Cuando atravieso la Plaza de Lavapiés siempre hay alguien que me susurra lo mismo: “Chist, chist, chocolate”. Si lo repitiera cuatro o cinco veces seguidas parecería una canción de los Oompa Loompa de Willy Wonka. En otras ocasiones lo que oigo es: “Hachís”, pero no lo pronuncian tal como se escribe, sino así, arrastrando las palabras: “Hassshís”. No miento si reconozco que me suelen dar ganas de volverme hacia el tipo y decirle: “¡Jesús!” Perdonen el chiste malo, pero es lo que siempre quiero espetarles. Quienes lo venden suelen ser jóvenes árabes que andan todo el santo día de trapicheo. Y se lo ofrecen a fulanos de mi catadura, a saber: pelo algo largo y juventud crepuscularia. Aunque la otra tarde, de lejos, dos chicas muy jóvenes, muy pijas, creo que me ofrecieron lo mismo. Yo ni siquiera les miro, o les echo un fugaz vistazo como diciendo: “No me interesa”.
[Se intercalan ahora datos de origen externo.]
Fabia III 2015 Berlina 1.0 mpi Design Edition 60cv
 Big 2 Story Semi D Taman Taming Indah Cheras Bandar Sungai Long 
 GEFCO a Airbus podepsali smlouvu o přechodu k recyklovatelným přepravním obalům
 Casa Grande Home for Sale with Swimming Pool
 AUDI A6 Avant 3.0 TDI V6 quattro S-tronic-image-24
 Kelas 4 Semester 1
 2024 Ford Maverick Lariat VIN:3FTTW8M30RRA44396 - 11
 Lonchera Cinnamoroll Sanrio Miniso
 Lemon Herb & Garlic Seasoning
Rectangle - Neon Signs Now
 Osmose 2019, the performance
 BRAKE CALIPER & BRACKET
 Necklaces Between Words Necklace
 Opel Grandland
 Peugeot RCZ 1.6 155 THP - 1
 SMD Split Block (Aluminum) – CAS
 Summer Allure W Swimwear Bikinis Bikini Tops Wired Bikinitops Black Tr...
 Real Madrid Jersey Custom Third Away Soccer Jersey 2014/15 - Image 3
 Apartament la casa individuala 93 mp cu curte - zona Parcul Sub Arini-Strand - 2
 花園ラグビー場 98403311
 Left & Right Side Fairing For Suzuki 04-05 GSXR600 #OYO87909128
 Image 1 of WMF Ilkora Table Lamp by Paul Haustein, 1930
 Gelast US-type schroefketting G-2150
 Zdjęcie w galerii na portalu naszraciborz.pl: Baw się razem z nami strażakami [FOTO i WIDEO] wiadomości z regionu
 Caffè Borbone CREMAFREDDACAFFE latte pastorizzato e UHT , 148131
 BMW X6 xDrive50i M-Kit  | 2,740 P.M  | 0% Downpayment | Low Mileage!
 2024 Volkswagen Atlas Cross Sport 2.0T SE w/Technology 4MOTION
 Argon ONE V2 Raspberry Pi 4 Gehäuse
Una noche, de regreso a casa, vi a uno de esos camellos de esquina haciendo equilibrios junto a una furgoneta aparcada a la puerta del edificio. Los equilibrios eran de este pelo: estaba agachado, con los pies en el borde de la acera y la espalda medio apoyada en un costado trasero del vehículo. Como, justo tras la rueda trasera de la furgoneta, había una boca sucia de alcantarilla, pensé una de dos cosas: o el individuo está buscando con la mano algún objeto que se le ha caído a la cloaca y, por misterios de su comportamiento, es contorsionista y prefiere buscar de espaldas, o sea, a ciegas; o, por el contrario, le ha entrado un apretón de vientre y se prepara para defecar. Esta segunda suposición me dio mucho asco. Principalmente porque pasaba al lado del fulano cuando lo vi (háganse cargo: era de noche y la furgoneta y algún arbolillo manchaban de sombras la pared, emboscando la labor de los faroles). Luego pensé otra cosa: “Este está robando en la furgoneta”. Pero no se me ocurrió qué se puede robar debajo de una furgoneta, pues entiendo menos de mecánica que de jardinería de bonsáis, de la que no sé nada. Tampoco llegué a sopesar que estuviera rascándose la espalda contra el vehículo: conocí a un tipo que se rascaba así la columna, restregándose con las esquinas y las paredes, imitando el movimiento de sube y baja de cuando vas subido en un tiovivo. Me dijeron que el nota aquel, con toda probabilidad, estaría recogiendo alguna pequeña entrega. En ocasiones, según parece, así lo hacen, para que si llega la policía no pille al vendedor con las manos en la masa. Lo dejan en los bajos de algún vehículo que saben no va a moverse en unas horas y mandan al comprador allí. Es un buen sitio: si aparece alguien, y pregunta, puedes argumentar que se te ha caído una moneda; la excusa para buscarla de espaldas, a ciegas, ya no se me ocurre.
Dicha furgoneta, por cierto, tiene tantas meadas encima que cualquier día se le caen las ruedas o se le descompone el chasis. Vuelves a casa por la noche y no es raro ver a alguien apretado contra un lateral del vehículo. Evitas pasar por la acera, que es angosta, por si acaso. Por si acaso está sucediendo alguna de estas acciones: que el individuo esté dando un achuchón excesivo a una individua, que un caco de poca monta esté hurgando en la cerradura para mangar en la furgoneta, que se esté liando un canuto en las sombras. Pero no: siempre es alguien aliviándose la vejiga. Lo sabes por el sonido del orín calle abajo. También lo saben los vecinos porque no es raro ir por ahí y encontrarse la vomitiva imagen de un chalado con el falo fuera. Así que esa furgoneta hace las funciones de vehículo, mingitorio de hombres, váter de palomas y escondite de alijos. Por suerte estos días el dueño se la ha llevado.